Work order
Apart from the images, repeat the data below exactly as written.

Supplied information
####

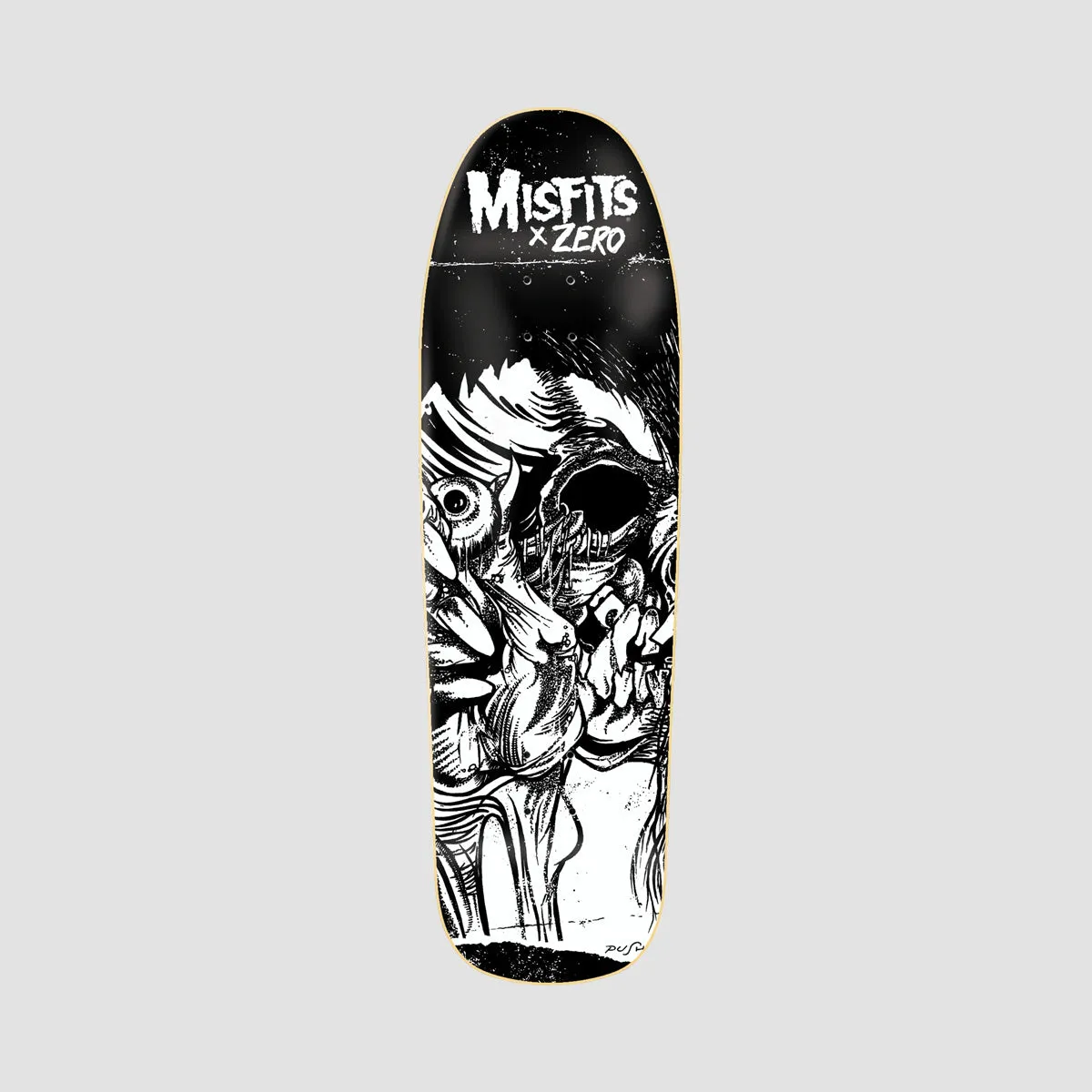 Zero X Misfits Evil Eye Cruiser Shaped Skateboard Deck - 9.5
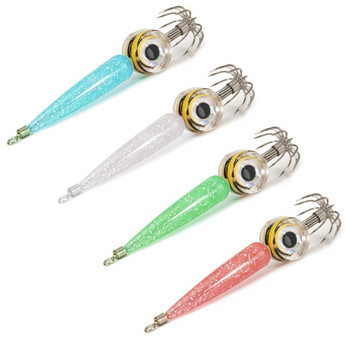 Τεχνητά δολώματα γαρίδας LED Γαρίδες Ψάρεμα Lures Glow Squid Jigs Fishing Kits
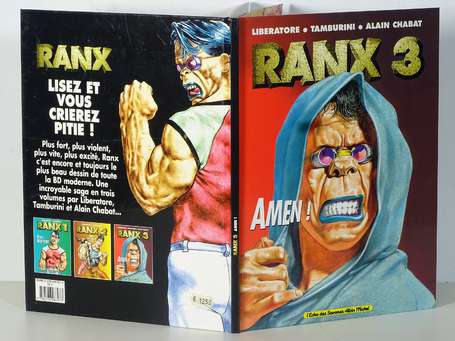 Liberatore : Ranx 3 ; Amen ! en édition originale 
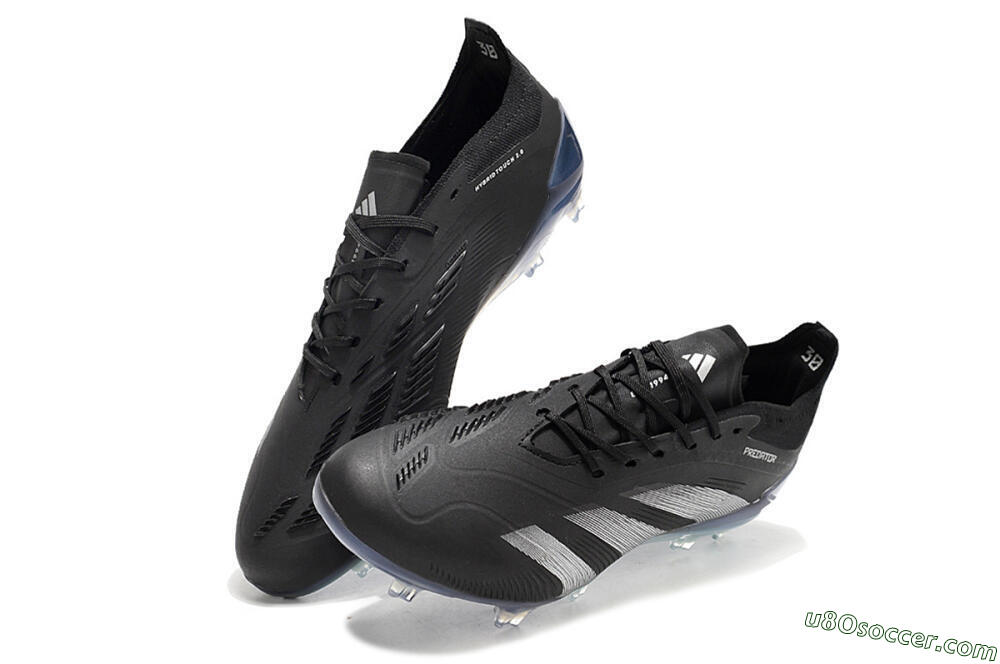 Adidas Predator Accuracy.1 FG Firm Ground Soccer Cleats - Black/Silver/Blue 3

####

Solution to this exercise
 Zero X Misfits Evil Eye Cruiser Shaped Skateboard Deck - 9.5
 Τεχνητά δολώματα γαρίδας LED Γαρίδες Ψάρεμα Lures Glow Squid Jigs Fishing Kits
 Liberatore : Ranx 3 ; Amen ! en édition originale 
 Adidas Predator Accuracy.1 FG Firm Ground Soccer Cleats - Black/Silver/Blue 3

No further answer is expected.